EXERCISE
Could each entry below be written out exactly, with every picture dropped?

RECORDS PROVIDED
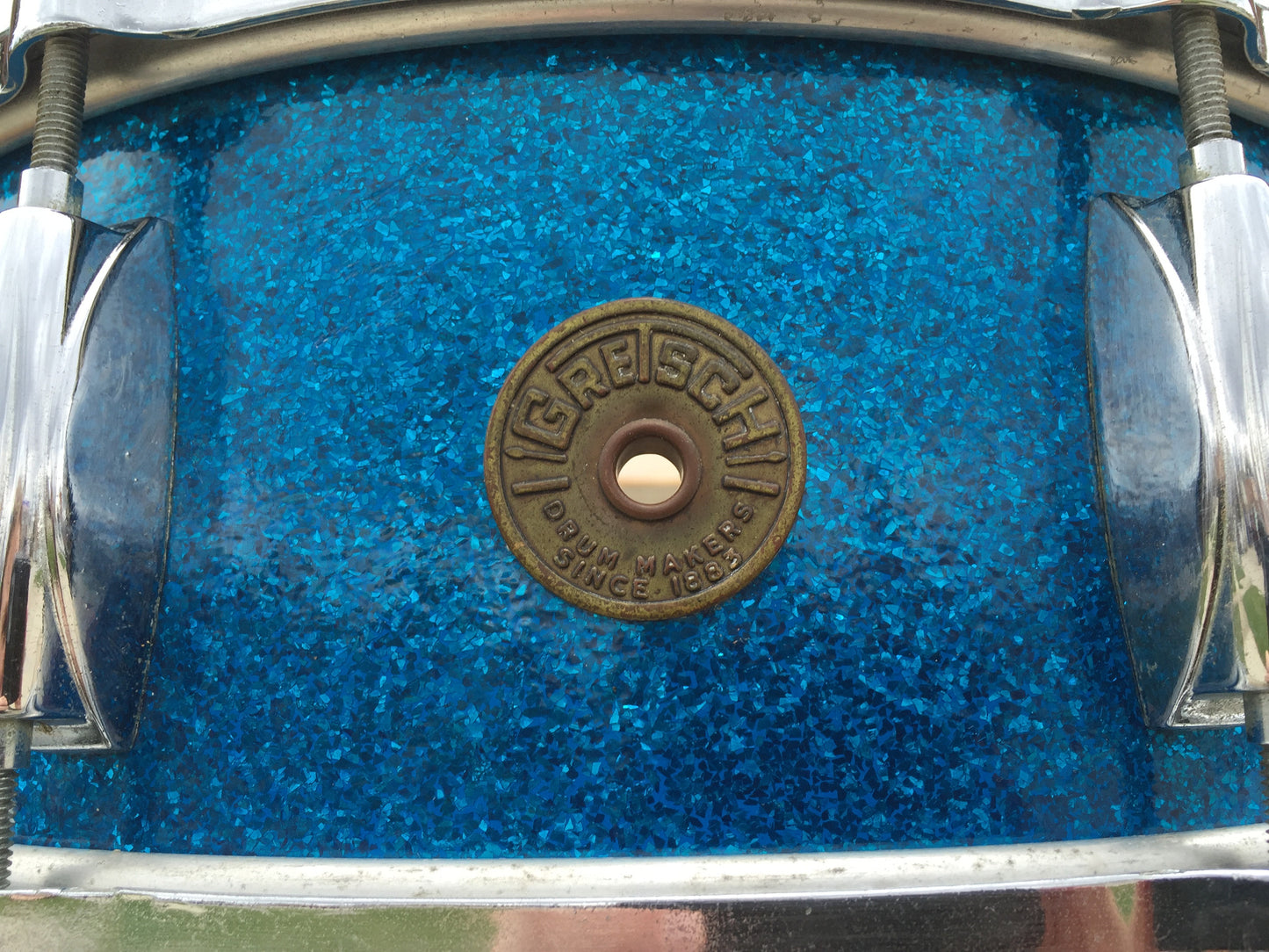 Vintage 1960's Gretsch 5.5"x14" Round Badge Blue Sparkle Name Band Snare - Nice!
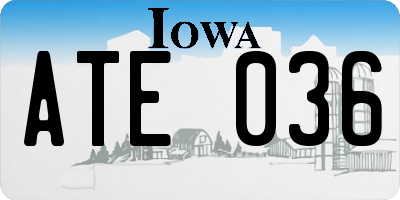 IA license plate ATE036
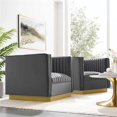 thumbnail image 2 of Maklaine Modern Performance Velvet Armchair in Gray/Gold (Set of 2), 2 of 4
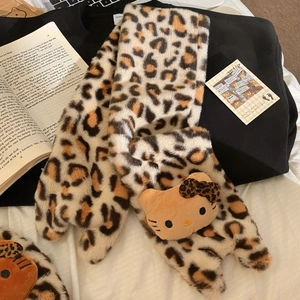 Detailed view of the soft leopard print plush scarf with a cute cartoon cat mascot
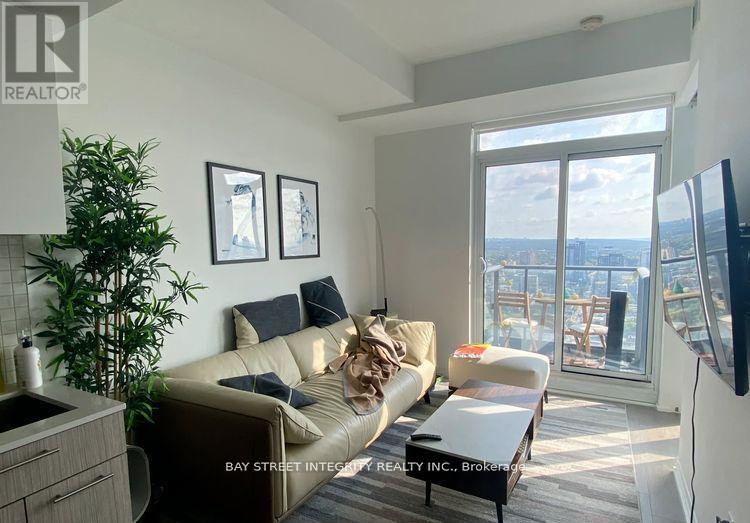 A living room with a couch, a television, and a plant.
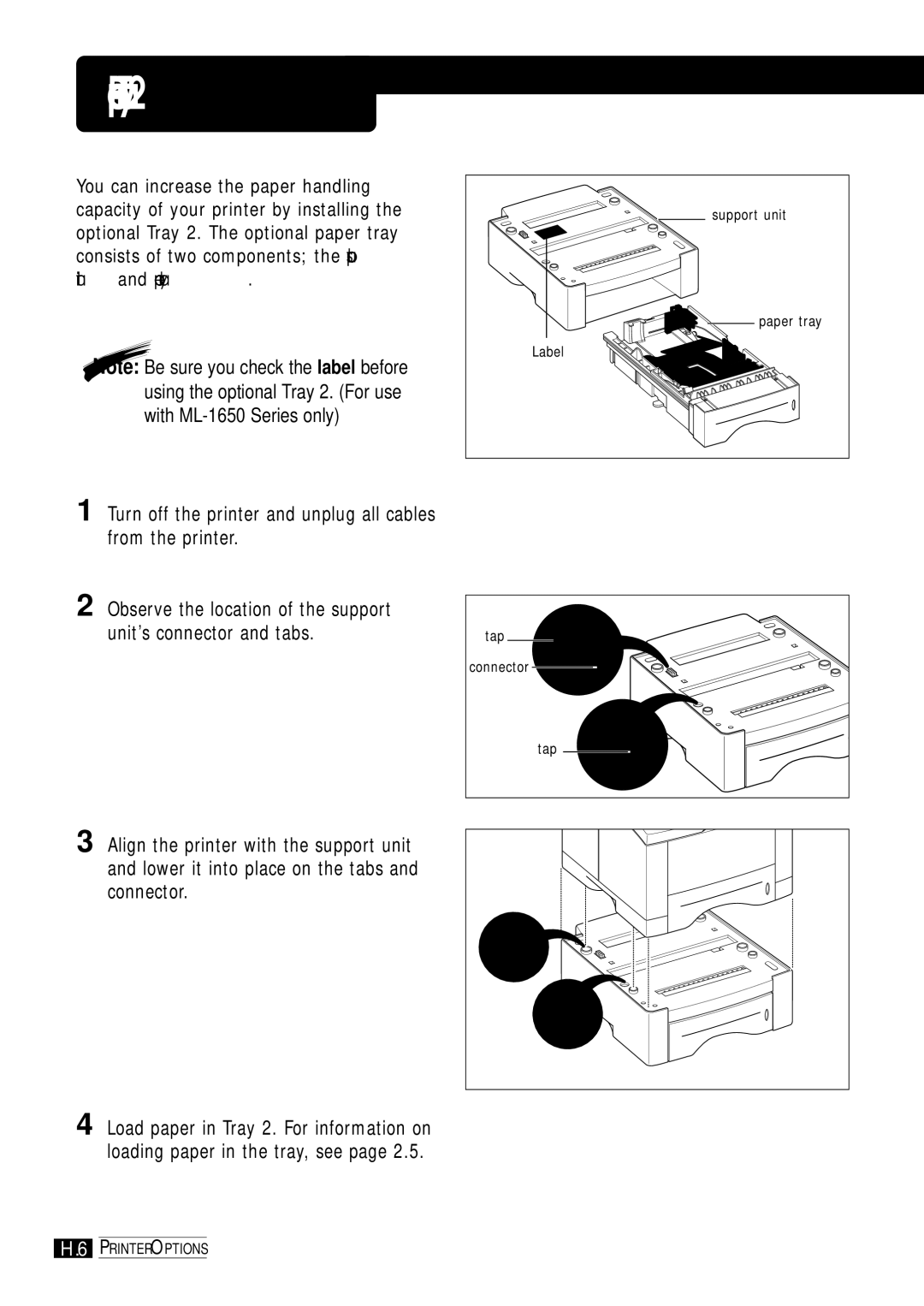 Samsung ML-1651N, ML-1650 manual Paper Tray, Turn off the printer and unplug all cables from the printer 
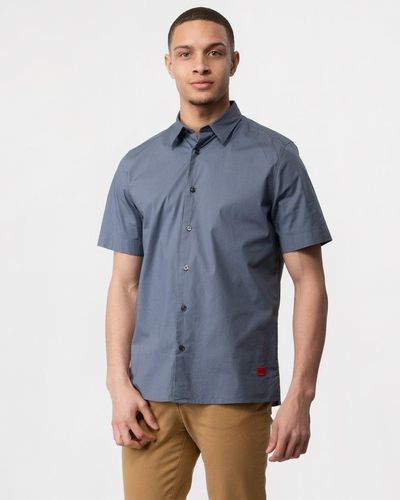HUGO Ebor Relaxed Fit Stretch Cotton Shirt - Blue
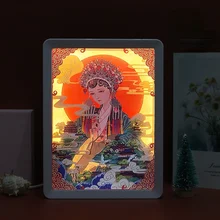 New Original Light Shadow Box Cute Oil Painting Girl 3D Photo Frame Diy Handicraft Accessories Bridesmaid Gift Led Lights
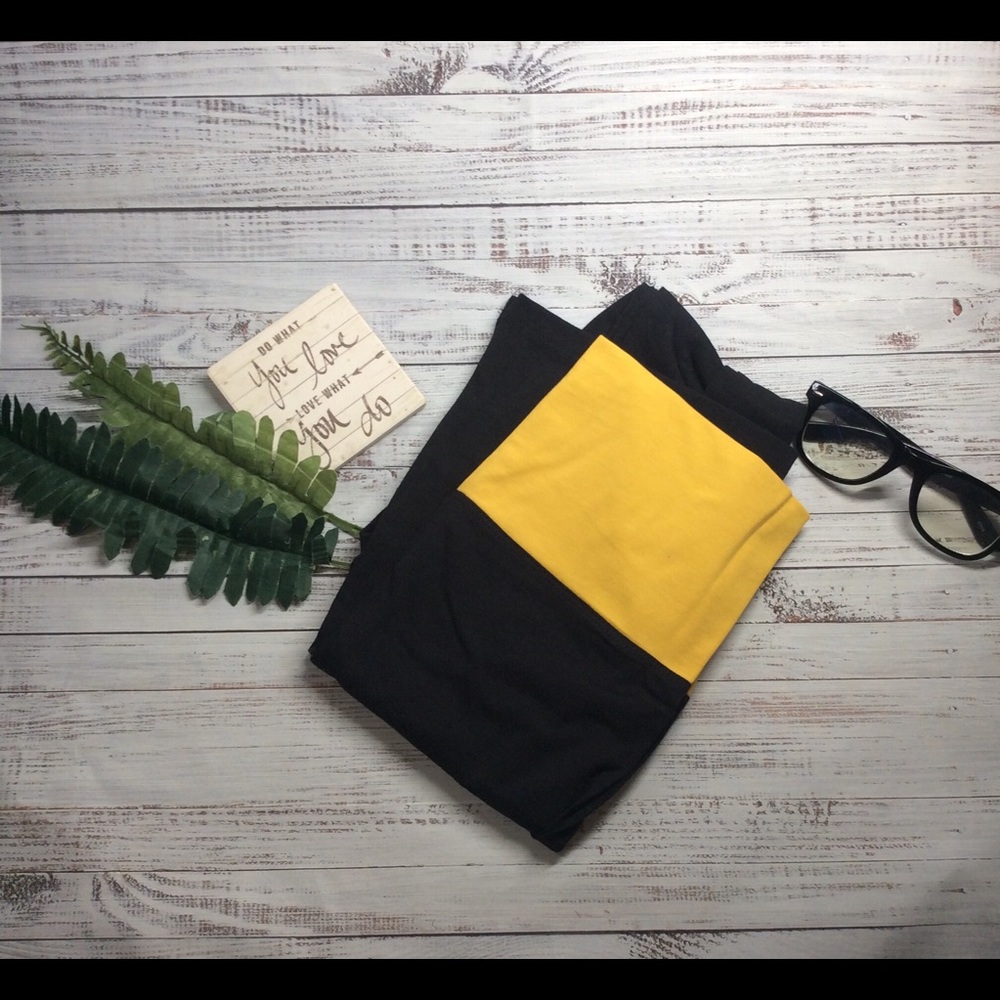 FULL COTTON BLACK AND YELLOW LEGGINGS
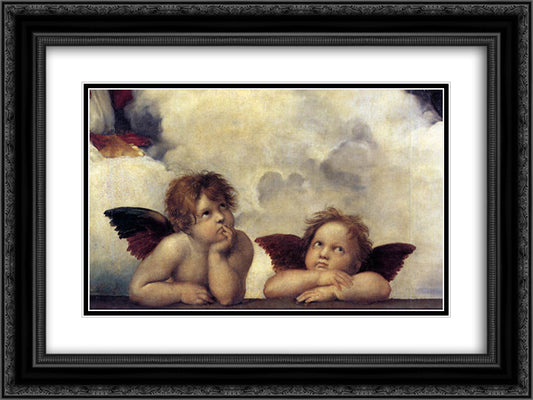 Putti, detail from The Sistine Madonna 24x18 Black Ornate Wood Framed Art Print Poster with Double Matting by Raphael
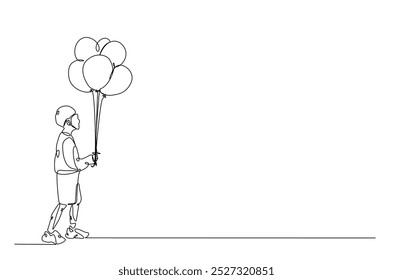 Happy Boy holding air balloons in continuous one line drawing. Single line art illustration of air balloons. Editable vector.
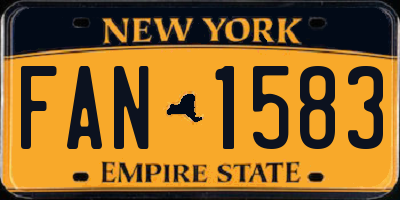 NY license plate FAN1583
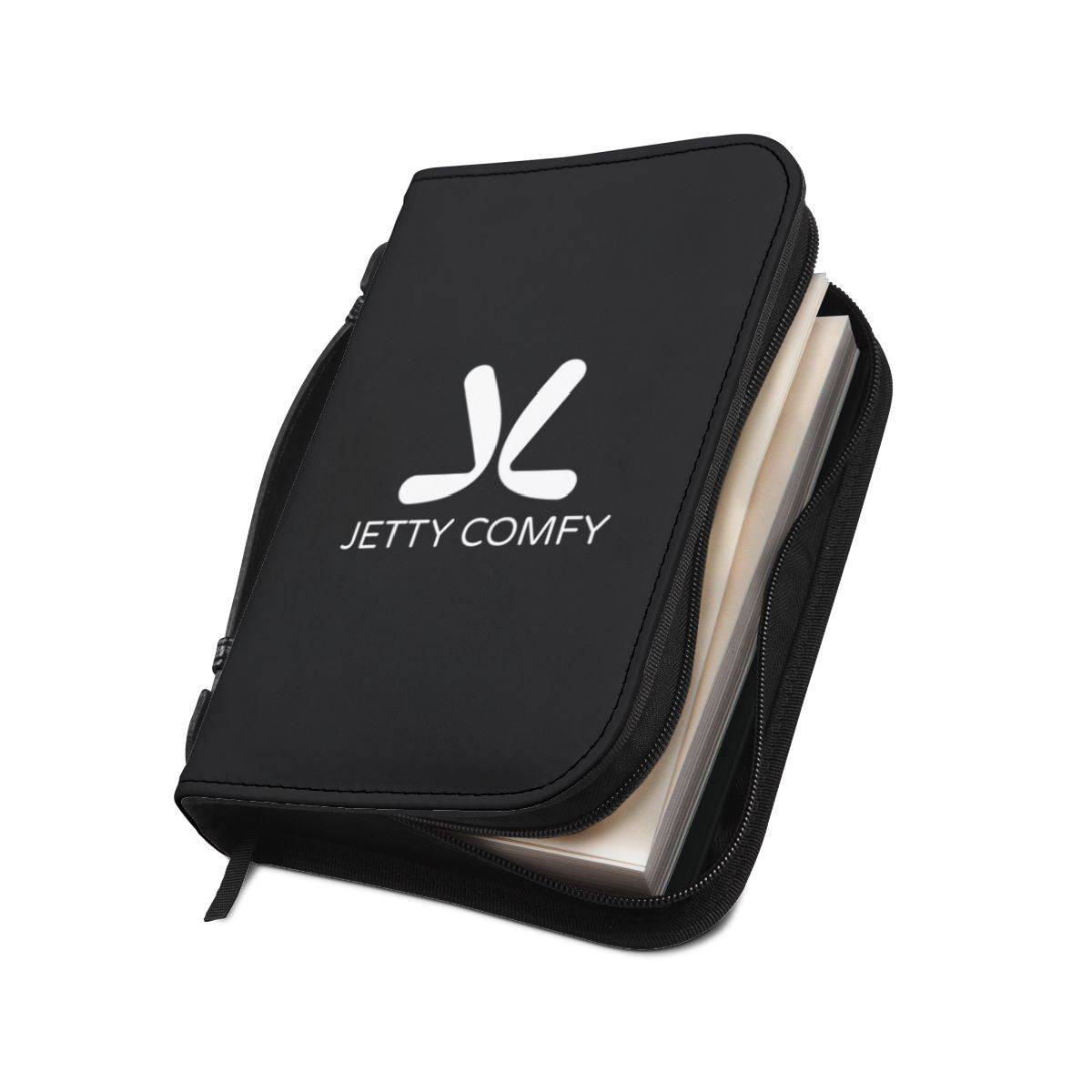 Jetty Comfy™ PU Leather Zippered Book Cover – Black, Sleek & Protective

RESULT BELOW
 Vintage 1960's Gretsch 5.5"x14" Round Badge Blue Sparkle Name Band Snare - Nice!
 IA license plate ATE036
 thumbnail image 2 of Maklaine Modern Performance Velvet Armchair in Gray/Gold (Set of 2), 2 of 4
 Detailed view of the soft leopard print plush scarf with a cute cartoon cat mascot
 A living room with a couch, a television, and a plant.
 Samsung ML-1651N, ML-1650 manual Paper Tray, Turn off the printer and unplug all cables from the printer 
HUGO Ebor Relaxed Fit Stretch Cotton Shirt - Blue
 New Original Light Shadow Box Cute Oil Painting Girl 3D Photo Frame Diy Handicraft Accessories Bridesmaid Gift Led Lights
 FULL COTTON BLACK AND YELLOW LEGGINGS
 Putti, detail from The Sistine Madonna 24x18 Black Ornate Wood Framed Art Print Poster with Double Matting by Raphael
 Happy Boy holding air balloons in continuous one line drawing. Single line art illustration of air balloons. Editable vector.
 NY license plate FAN1583
 Jetty Comfy™ PU Leather Zippered Book Cover – Black, Sleek & Protective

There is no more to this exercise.